The traces of the error are as follows,

File "/../", line **, in <module>
    train_one_epoch(model, optimizer, data_loader, device, epoch, print_freq=10)
  File "/../", line 31, in train_one_epoch
    loss_dict = model(images, targets)
  File "/../torch/nn/modules/", line 1110, in _call_impl
    return forward_call(*input, **kwargs)
  File "/../torchvision/models/detection/", line 99, in forward
    detections, detector_losses = self.roi_heads(features, proposals, images.image_sizes, targets)
  File "/../torch/nn/modules/", line 1110, in _call_impl
    return forward_call(*input, **kwargs)
  File "/../torchvision/models/detection/", line 759, in forward
    loss_classifier, loss_box_reg = fastrcnn_loss(class_logits, box_regression, labels, regression_targets)
  File "/../torchvision/models/detection/", line 32, in fastrcnn_loss
    classification_loss = F.cross_entropy(class_logits, labels)
  File "/../torch/nn/", line 2996, in cross_entropy
    return torch._C._nn.cross_entropy_loss(input, target, weight, _Reduction.get_enum(reduction), ignore_index, label_smoothing)
IndexError: Target 2 is out of bounds.

I would like to know, did anyone also face the same problem while executing the tutorial.
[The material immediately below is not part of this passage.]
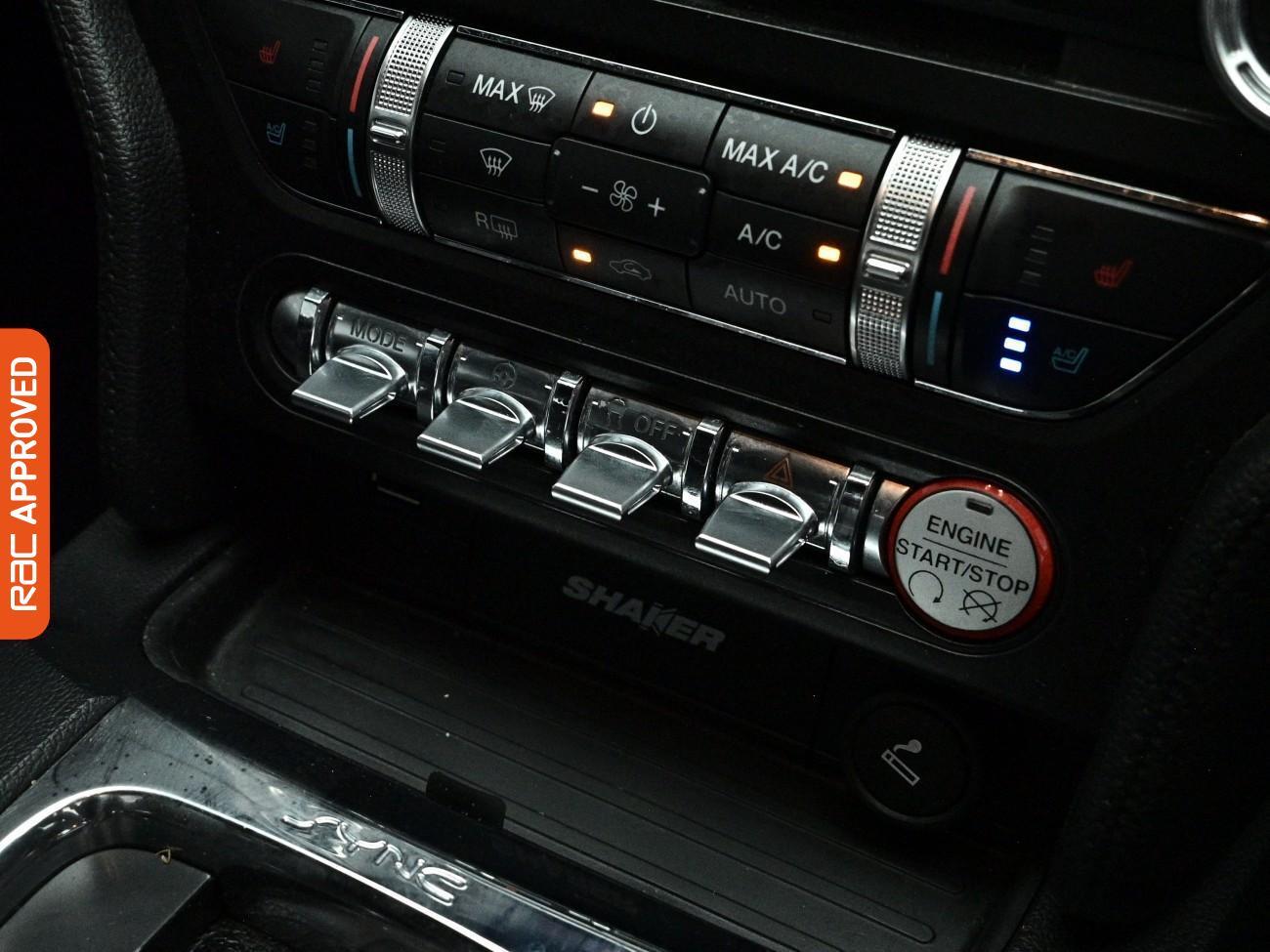 Ford Mustang view 15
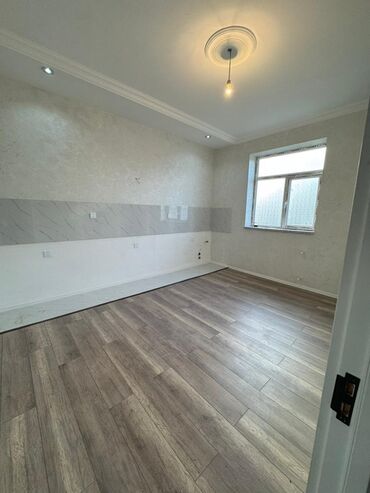 Yeni tikili: 4 otaqlı, Yeni tikili, 160 kv. m — 2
It would be very helpful if someone could direct me to overcome this problem in the same. thank you in advance…

Could you describe these changes a bit more, please?
The error (both on the GPU via the assert and on the CPU via the indexing error) are caused by a target tensor, which contains class indices which are out of bounds.
nn.CrossEntropyLoss expects a model output in the shape [batch_size, nb_classes, *] and a target in the shape [batch_size, *] containing class indices in the range [0, nb_classes-1]. Since your target contains the class index 2 it would mean that your model should at least output logits for 3 classes while it seem to output less logits.

Hello, thank you for quick reply.
The changes I made are as follows,

import torchvision
from torchvision.models.detection.faster_rcnn import FastRCNNPredictor
#from torchvision.models.detection.mask_rcnn import MaskRCNNPredictor

def get_model_instance_segmentation(num_classes):
    # load an instance segmentation model pre-trained on COCO
    #model = torchvision.models.detection.maskrcnn_resnet50_fpn(weights="DEFAULT")
    model = torchvision.models.detection.fasterrcnn_resnet50_fpn(weights="DEFAULT")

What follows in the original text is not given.